Grigor Dolapchiev (; born 23 February 1994) is a Bulgarian footballer who plays as a forward for Minyor Pernik.

Club career
Dolapchiev joined the CSKA Academy at the age of nine in 2003.

He made his senior debut on 31 August 2012, at the age of 18, coming on as a substitute for Stanko Yovchev in a 4–1 victory over Minyor Pernik. On 15 December, Dolapchiev came off the bench to score his first senior goal for the club in a 5–0 Bulgarian Cup win against Chavdar Etropole. In mid July 2013, following a change in the club's ownership, he signed his first professional contract with CSKA Sofia. On 29 July 2013, Dolapchiev scored an equalizing goal against Beroe in an A PFG match shortly after coming on as a substitute. On 19 October 2013, he made his first appearance in The Eternal Derby of Bulgaria after coming on as a late second half substitute in the 3:0 home win over Levski Sofia.

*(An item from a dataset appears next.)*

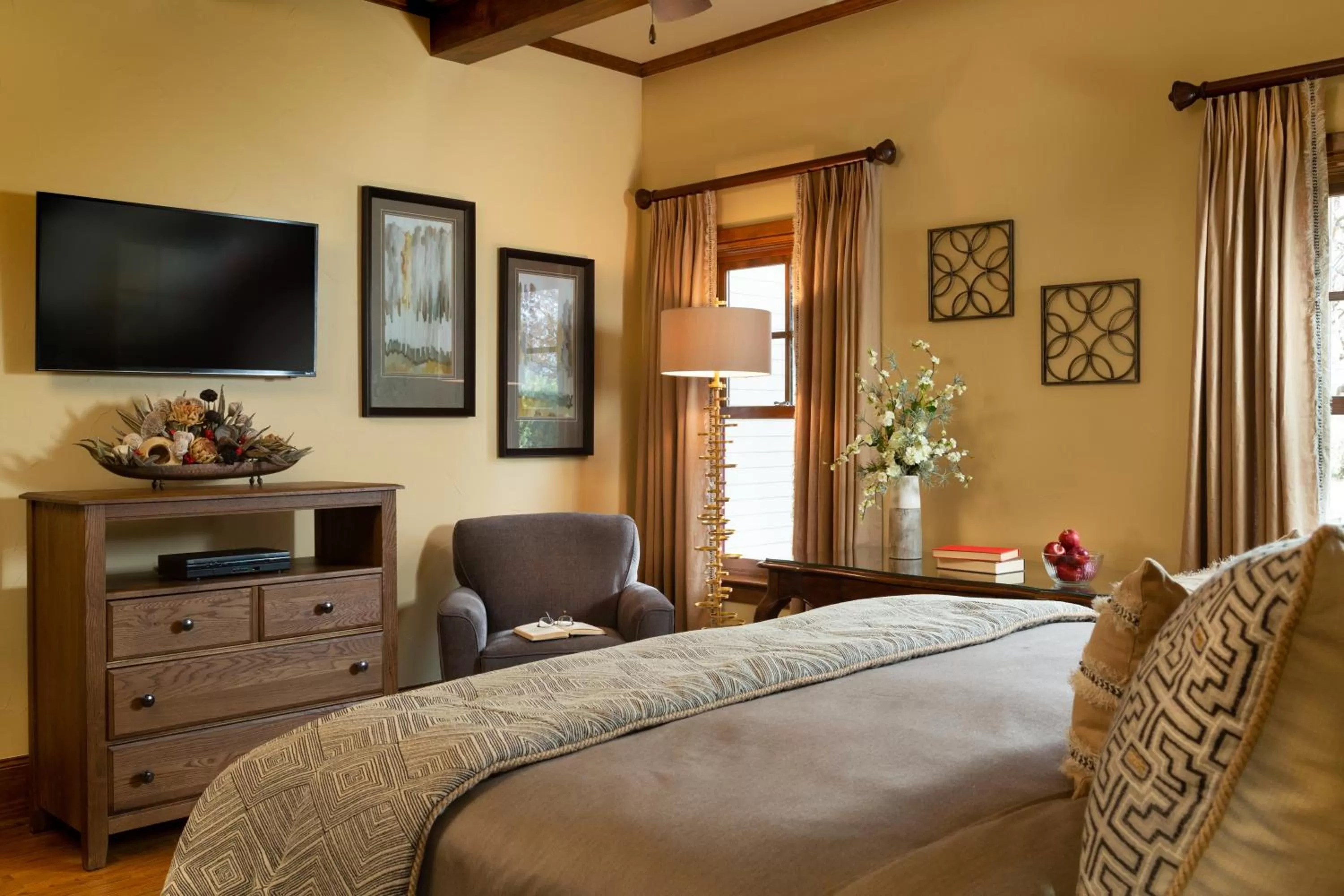 Bedroom, Bed in Inn on Lake Granbury a Boutique Hotel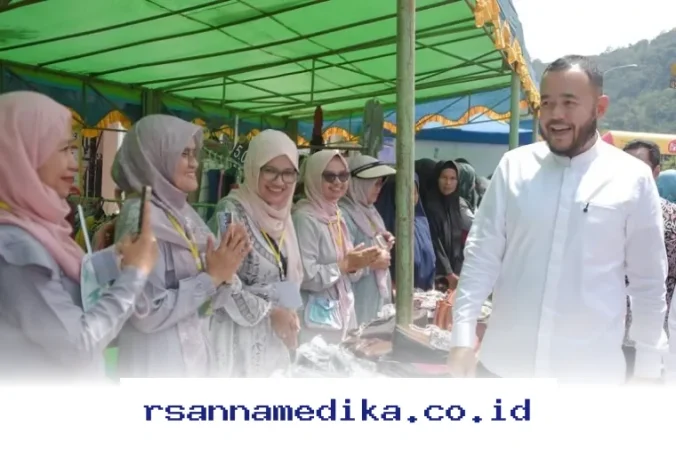 Fadly Amran Apresiasi Bazar Mom's BBI, Dorong Ekonomi Warga saat Ramadan!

After a loan spell at Horizont Turnovo, Dolapchiev rejoined CSKA Sofia in December 2014. However, in January 2015 he was loaned out to Haskovo until the end of the A PFG season. He subsequently returned to CSKA Sofia once again to play for the team in the third division of Bulgarian football, but was eventually released by Hristo Yanev and moved to Oborishte in the B PFG.  In January 2016, Dolapchiev signed for Spartak Pleven.  On 25 April 2017, he terminated his contract due to unpaid wages.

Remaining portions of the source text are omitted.